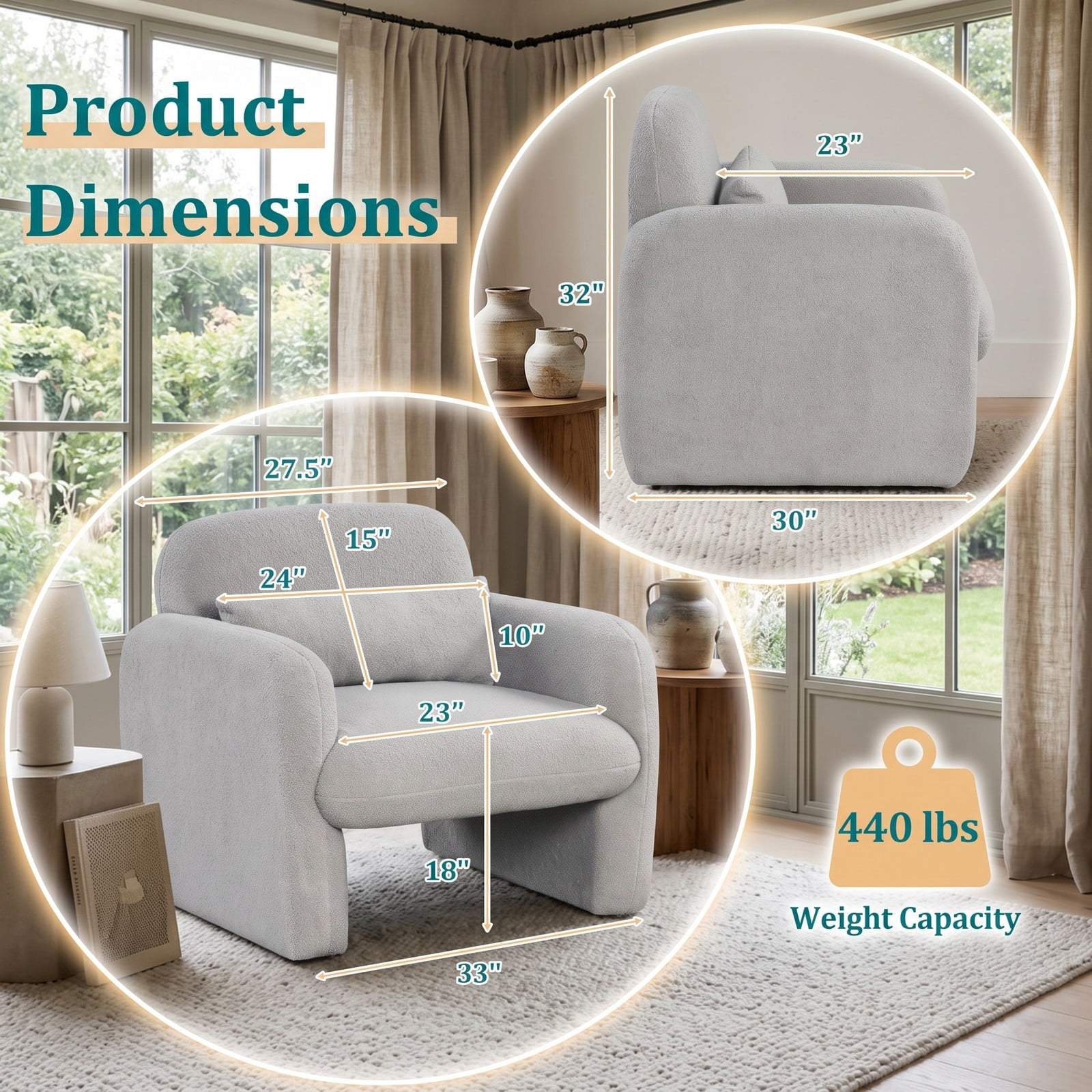 Furnibear Modern Accent Chair with Lumbar Waist Pillow and Cushioned Armrests, Soft Sherpa Upholstered Single Sofa Chair for Bedroom, Living Room, Nursery, Holds, Gray
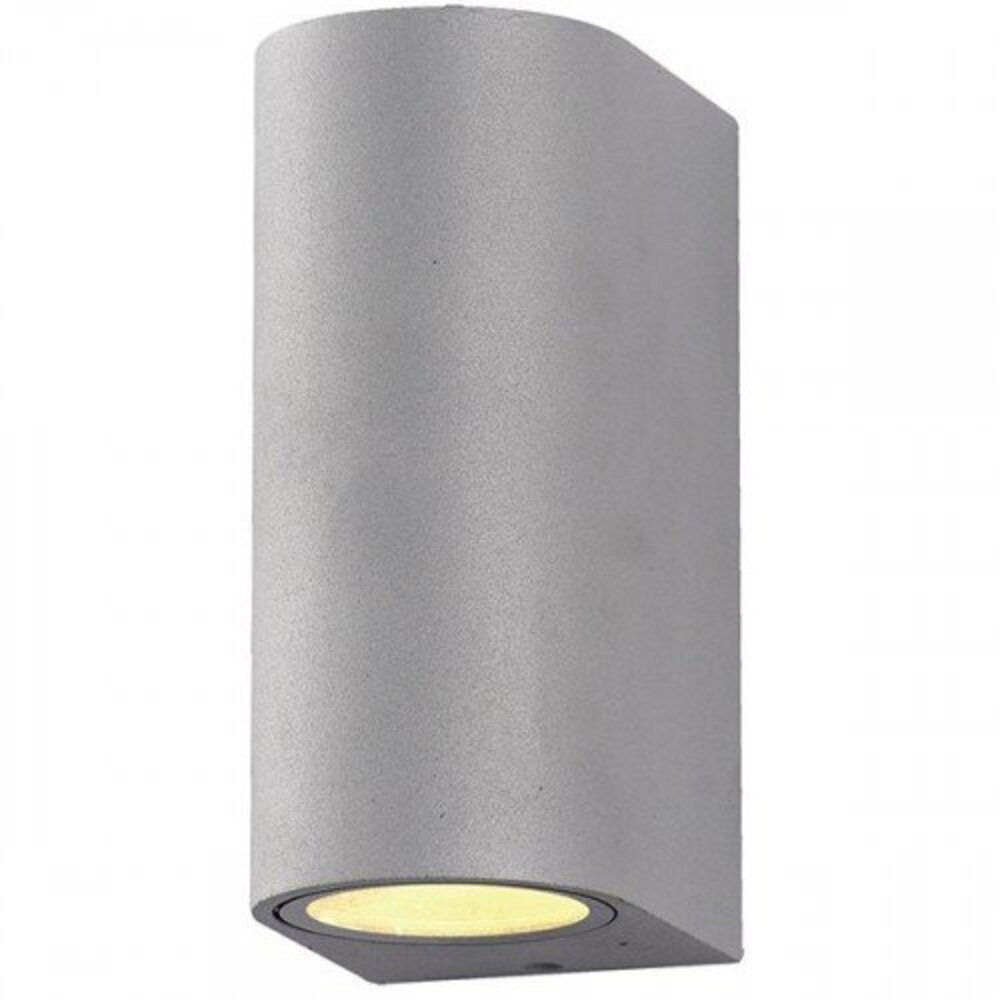 LED lámpatest , 2 x GU10 , oldalfali , kerek , 2 irányú , szürke , kültéri , IP44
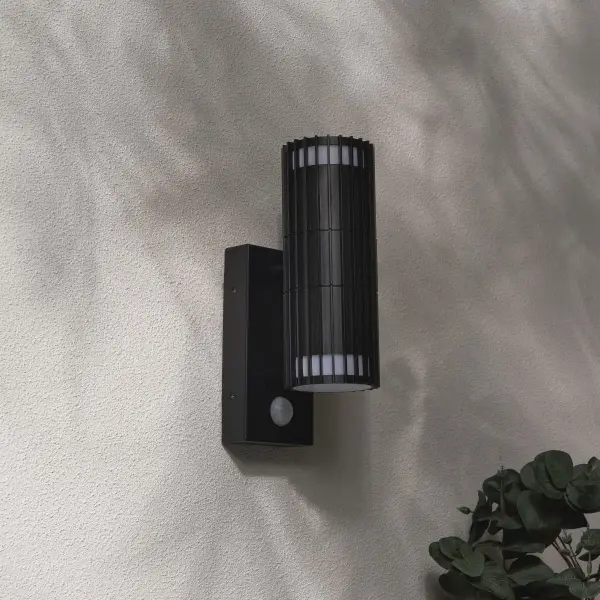 Muto Up & Down Black Wall Light with PIR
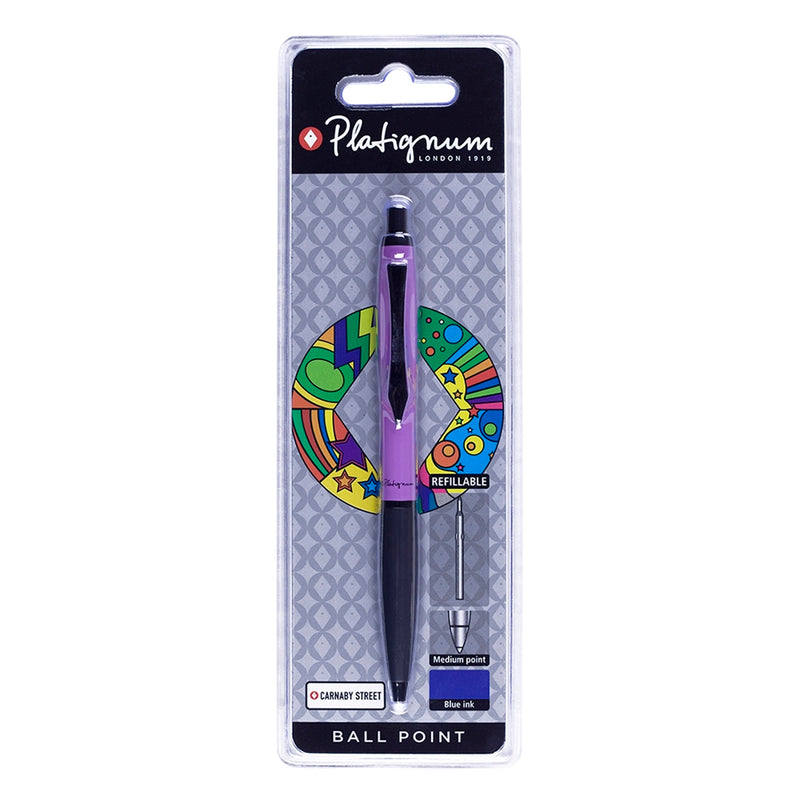 Platignum Carnaby Street Soft Grip Ballpoint Pen, Lilac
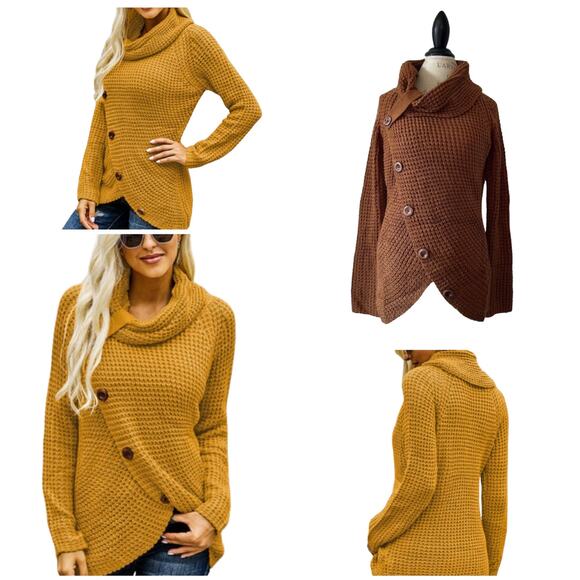 Source Unknown Sweaters - Cowl neck knit cross cross front sweater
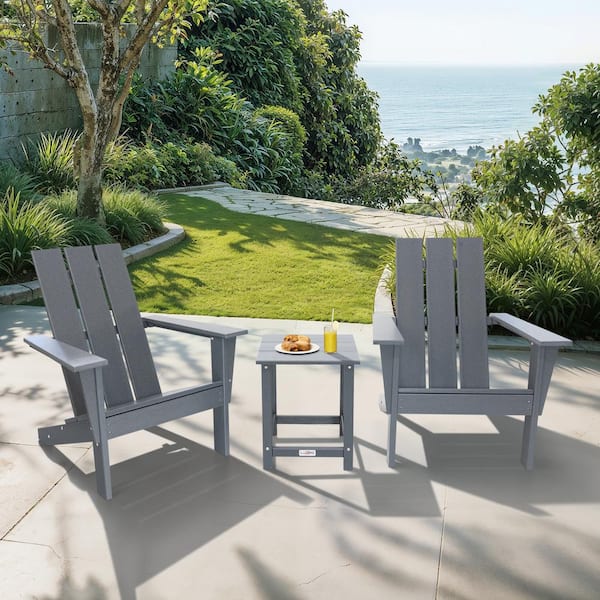 Arcadia Gray 3-Piece Plastic Patio Conversation Set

▸ EXERCISE GOAL:
Repeat the material above word for word but skip the images.

▸ ANSWER SPACE:
 Furnibear Modern Accent Chair with Lumbar Waist Pillow and Cushioned Armrests, Soft Sherpa Upholstered Single Sofa Chair for Bedroom, Living Room, Nursery, Holds, Gray
 LED lámpatest , 2 x GU10 , oldalfali , kerek , 2 irányú , szürke , kültéri , IP44
 Muto Up & Down Black Wall Light with PIR
 Platignum Carnaby Street Soft Grip Ballpoint Pen, Lilac
 Source Unknown Sweaters - Cowl neck knit cross cross front sweater
 Arcadia Gray 3-Piece Plastic Patio Conversation Set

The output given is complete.